Former directors of value chain Peacocks are considering making a complaint to the Serious Fraud Office about Royal Bank of Scotland, in the wake of allegations the bank pushed small firms into administration so it could make a profit.
RBS was the key coordinating bank for Peacocks at the time of its collapse in early 2012, being paid a weekly fee for its work, which included looking for fresh finance to keep the 600-store group afloat.
But it was also a leading lender to the group, and as such had a role in deciding to call in administrators despite chief executive Richard Kirk and chairman Allan Leighton being close to securing the £20m needed to continue negotiations with lenders.
Six weeks after administrators were appointed, the chain was sold to Edinburgh Woollen Mills for £23m.
Sources close to the former Peacocks board told the Mail on Sunday that the directors believed that other options for the business could have been successful if the bank had been more supportive.
Kirk declined to comment on the situation to MoS.
The Serious Fraud Office is already looking at a report compiled by Lawrence Tomlinson, entrepreneur in residence at the department for business, which claims that the bank’s Global Restructuring Group had pushed many small firms into administration so it could snap up their assets cheaply.

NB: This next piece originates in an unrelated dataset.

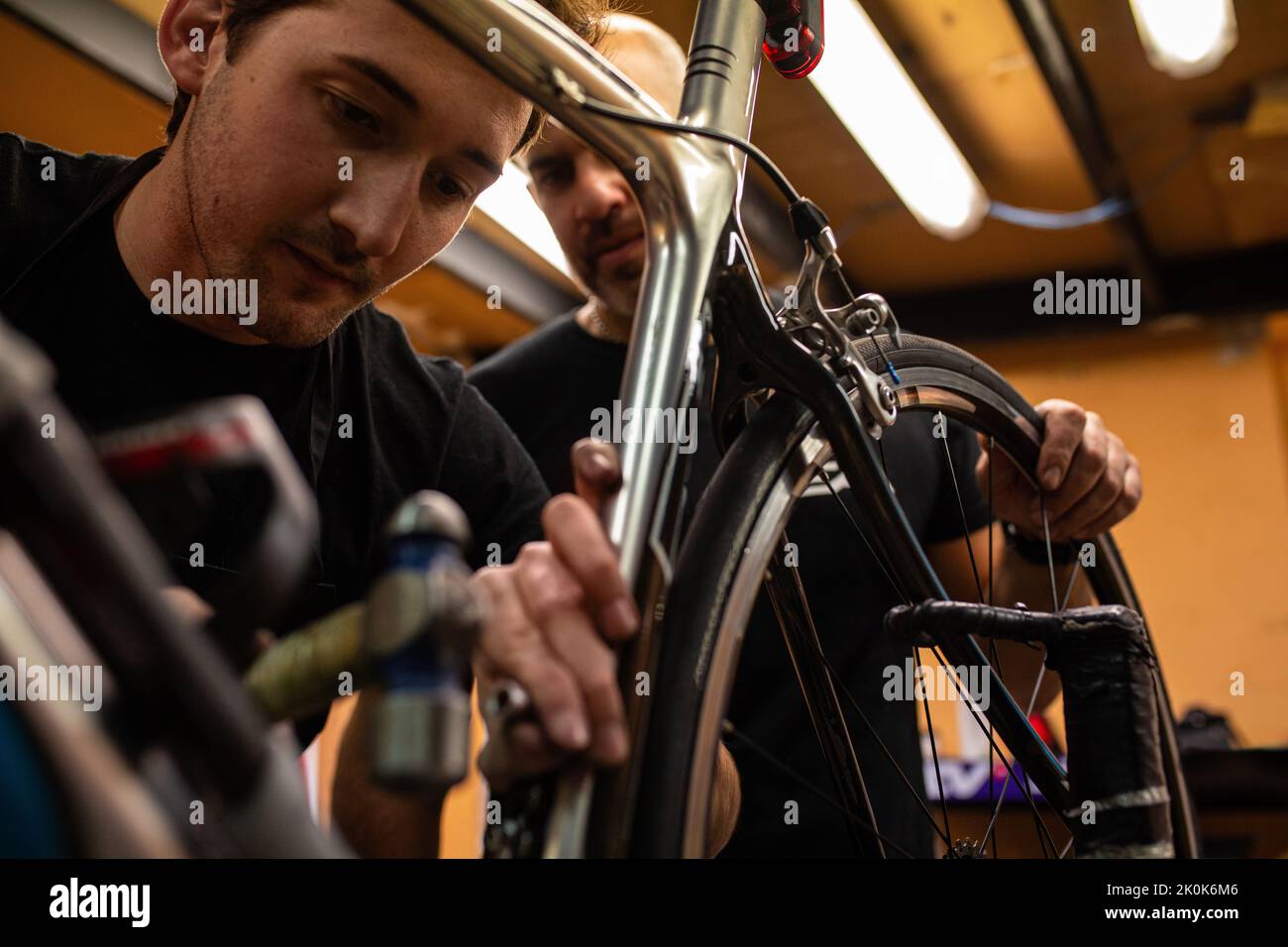 Technician with dirty hands fixing bicycle wheel while working in workshop Stock Photo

Separately, it emerged last week that a dossier had been handed to the SFO by a whistleblower raising concerns over the involvement of RBS in a number of administrations including HMV and Clintons.
The SFO told MoS it was “monitoring the situation” concerning RBS.
RBS chief executive Ross McEwan said of Tomlinson’s claims: “The most serious allegation is that RBS conducted a systematic effort to profit on the back of our customers when they were in financial distress. We do not believe this is the case, but it has nonetheless done serious damage to RBS’s reputation. No evidence has been provided for that allegation to the bank.”